Tanpa jeda, dia menutup payungnya dan memukul kepala pria itu dengan ujung gagang sekuat tenaga sebelum berlari. Dengan genangan air yang memenuhi tanah, setiap langkahnya diiringi dengan percikan besar. Salah satu tangannya memegang bagian depan gaunnya saat dia berlari kencang melalui jalan-jalan.

Dia mendengar percikan yang lebih besar dan lebih agresif mengejarnya. Sayangnya, penyerang itu gigih mengikutinya. Dia berlari dengan sekuat tenaga, berbelok ke gang-gang sempit dan menyeberangi jalan-jalan kecil sampai dia menemukan tiang besar yang terletak melewati pojok untuk bersembunyi di belakangnya.

Penny terengah-engah. Sudah lama sekali sejak terakhir kali dia berlari dengan begitu putus asa.

Terakhir kali terjadi saat dia dikejar oleh seekor sapi. Dia tidak melakukan apa-apa untuk membuat sapi itu marah. Hewan itu tidak suka padanya tanpa alasan yang jelas dan tampaknya mengejarnya karena bosan. Untuk kegembiraannya dan kekecewaan bibinya, sapi itu dijual dua bulan yang lalu.

Mendengar suara percikan mendekati tempat persembunyiannya, dia menutup mulutnya dan menarik gaun basahnya di antara kakinya, berdoa agar dia melewati tiang tanpa berhenti.

Dia bisa merasakan jantungnya berdegup kencang di dadanya.

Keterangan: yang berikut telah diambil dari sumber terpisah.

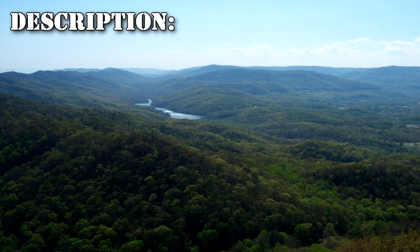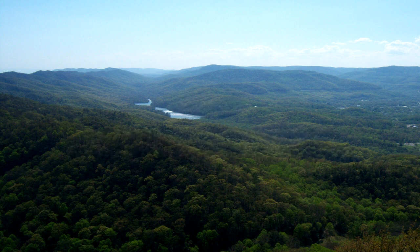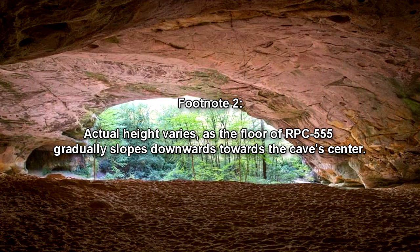RPC-555 is a cave underneath Cumberland Gap National Historical Park, a park within the United States located on the borders of Virginia, Kentucky, and Tennessee. It consists of a single chamber approximately 3 km long, 2 km wide, and 1.5 km tall. Actual height varies, as the floor of RPC-555 gradually slopes downwards towards the cave center.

Ketika pria itu berhenti untuk melihat kemana dia pergi, dia secara hati-hati mengintip dari tepi tiang. Gang ini mengarah ke persimpangan tiga arah, dan dari perspektif pria itu, dia bisa memilih salah satu dari mereka. Penny tidak peduli yang mana yang dipilihnya selama itu bukan pilihan keempat, tempat di belakang tiang ini!

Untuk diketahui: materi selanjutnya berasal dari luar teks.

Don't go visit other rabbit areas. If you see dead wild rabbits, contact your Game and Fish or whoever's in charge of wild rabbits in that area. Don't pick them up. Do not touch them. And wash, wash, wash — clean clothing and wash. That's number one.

Beruntung, pria itu memilih rute kedua.

Penny menyelinap keluar dari tempat persembunyiannya sebelum berlari kembali ke titik awal, berharap bibi dan pamannya sudah kembali sekarang. Mencapai toko, mereka masih belum kembali, membuatnya bingung tentang apa yang harus dia lakukan. Mengingat bahwa dia tidak bisa membawa karung sayuran terlalu jauh dan hujan kemungkinan besar telah merusak seluruh isi karung sekarang, dia memutuskan untuk meninggalkannya di sini.

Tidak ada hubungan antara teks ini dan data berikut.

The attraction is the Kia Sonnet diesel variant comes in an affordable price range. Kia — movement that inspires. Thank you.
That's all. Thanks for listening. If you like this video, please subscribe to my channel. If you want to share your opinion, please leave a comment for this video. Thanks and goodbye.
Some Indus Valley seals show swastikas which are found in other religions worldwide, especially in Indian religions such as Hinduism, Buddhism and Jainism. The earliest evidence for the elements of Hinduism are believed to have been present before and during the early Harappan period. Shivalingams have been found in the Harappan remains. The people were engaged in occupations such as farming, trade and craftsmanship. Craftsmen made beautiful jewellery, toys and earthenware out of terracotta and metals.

Karena dia sudah basah kuyup, dia tidak repot-repot dengan payung dan mulai berjalan pulang langsung, membiarkan hujan mengalir ke kepala dan gaunnya tanpa reservasi.

Seperempat jalan pulang, dia tiba-tiba memiliki firasat buruk. Dia berhenti dan tiba-tiba berbalik untuk melihat apakah ada yang mengikutinya, tetapi ketika dia tidak melihat siapa-siapa di belakangnya, dia menghela napas lega. Ketika dia menghadap ke depan lagi, yang bisa dia lihat hanyalah Tuan Joseph berdiri di depannya. Tak satu detik kemudian, tangannya datang langsung ke arahnya, dan dia pingsan.

Petir mengaum di langit saat arah angin berubah, dan hujan akhirnya berhenti. Dalam beberapa menit saja, seorang gadis muda diculik tanpa saksi.